Kurtuluş Savaşı'nın en kritik ve zorlu dönemlerinden biri olan Kütahya-Eskişehir Muharebeleri, Türk ordusunun stratejik geri çekilişi ve ardından toparlanarak Başkomutanlık Meydan Muharebesi'ne uzanan sürecin başlangıcıdır. Bu savaşlar, aynı zamanda Tekalif-i Milliye (Milli Yükümlülükler) Emirleri'nin yayınlanmasına vesile olmuş, tüm yurdu seferberliğe çağıran tarihi bir kararın alınmasını sağlamıştır.

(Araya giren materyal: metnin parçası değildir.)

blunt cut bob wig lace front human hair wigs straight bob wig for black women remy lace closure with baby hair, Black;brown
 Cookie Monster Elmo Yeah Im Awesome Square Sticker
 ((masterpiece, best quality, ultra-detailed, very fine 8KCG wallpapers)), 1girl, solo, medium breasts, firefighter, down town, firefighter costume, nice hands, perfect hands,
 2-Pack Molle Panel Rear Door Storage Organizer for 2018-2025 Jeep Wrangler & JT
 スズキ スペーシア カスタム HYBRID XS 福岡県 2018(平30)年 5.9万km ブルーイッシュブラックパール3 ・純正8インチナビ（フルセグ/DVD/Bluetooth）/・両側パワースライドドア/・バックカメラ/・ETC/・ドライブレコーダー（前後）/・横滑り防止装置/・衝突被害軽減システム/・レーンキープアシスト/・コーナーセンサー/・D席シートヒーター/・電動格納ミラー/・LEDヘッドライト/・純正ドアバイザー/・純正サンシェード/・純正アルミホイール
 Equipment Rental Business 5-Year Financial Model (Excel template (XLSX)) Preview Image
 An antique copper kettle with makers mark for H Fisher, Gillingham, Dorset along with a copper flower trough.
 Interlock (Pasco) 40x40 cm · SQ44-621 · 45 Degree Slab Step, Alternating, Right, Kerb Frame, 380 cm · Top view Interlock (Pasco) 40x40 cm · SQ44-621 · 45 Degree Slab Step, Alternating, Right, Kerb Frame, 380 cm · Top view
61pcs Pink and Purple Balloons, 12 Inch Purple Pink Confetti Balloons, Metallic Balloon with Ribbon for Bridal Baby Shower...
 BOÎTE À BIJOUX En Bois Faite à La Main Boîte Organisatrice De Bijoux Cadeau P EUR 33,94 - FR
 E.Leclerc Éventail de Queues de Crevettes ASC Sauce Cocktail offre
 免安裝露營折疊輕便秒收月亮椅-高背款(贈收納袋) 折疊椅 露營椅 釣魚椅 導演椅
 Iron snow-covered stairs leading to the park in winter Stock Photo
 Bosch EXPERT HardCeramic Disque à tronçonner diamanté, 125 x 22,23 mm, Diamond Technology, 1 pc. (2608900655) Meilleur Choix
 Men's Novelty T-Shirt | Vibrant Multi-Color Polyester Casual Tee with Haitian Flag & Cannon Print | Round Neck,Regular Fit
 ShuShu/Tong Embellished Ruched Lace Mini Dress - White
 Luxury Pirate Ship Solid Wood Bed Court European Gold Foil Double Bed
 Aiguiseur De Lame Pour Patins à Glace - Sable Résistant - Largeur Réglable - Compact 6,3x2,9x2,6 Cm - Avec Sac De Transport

1921 yılının Temmuz ayında, İnönü Muharebeleri'nde durdurulan Yunan ordusu, tüm gücüyle son bir taarruza hazırlanıyordu. Hedefleri, Türk ordusunun ana kuvvetlerini yok edip Ankara'yı ele geçirmekti. Türk ordusu ise henüz sayıca ve teçhizatça yetersizdi.
Ordunun ihtiyaçlarını karşılamak ve Sakarya'da savunmayı güçlendirmek için Mustafa Kemal Paşa, Başkomutan sıfatıyla olağanüstü yetkiler aldı. Bu yetkiyle, 10 maddelik Tekalif-i Milliye Emirleri'ni yayınladı. Emirler, tam bir topyekûn seferberlik ilanıydı.
Tekalif-i Milliye Emirleri, savaşın kaderini değiştiren bir adımdı. Kısa sürede toplanan malzemeler, Sakarya'da toparlanan orduyu güçlendirdi. Halkın her kesiminden büyük bir fedakarlıkla desteklenen bu seferberlik, 22 gün 22 gece süren Sakarya Meydan Muharebesi'nin (23 Ağustos-13 Eylül 1921) kazanılmasında hayati rol oynadı. Bu zaferin ardından TBMM, Mustafa Kemal Paşa'ya "Gazi" unvanı ve "Mareşal" rütbesi verdi.
Sonuç olarak, Kütahya-Eskişehir Savaşları ve onun doğurduğu Tekalif-i Milliye Emirleri, Kurtuluş Savaşı'nın en zor anında, milletin kendi kaderine nasıl sahip çıktığının ve lideriyle nasıl kenetlendiğinin en çarpıcı örneklerindendir. Stratejik bir geri çekiliş, tüm ulusu harekete geçiren bir seferberliğe ve nihayetinde tarihi bir zafere dönüşmüştür.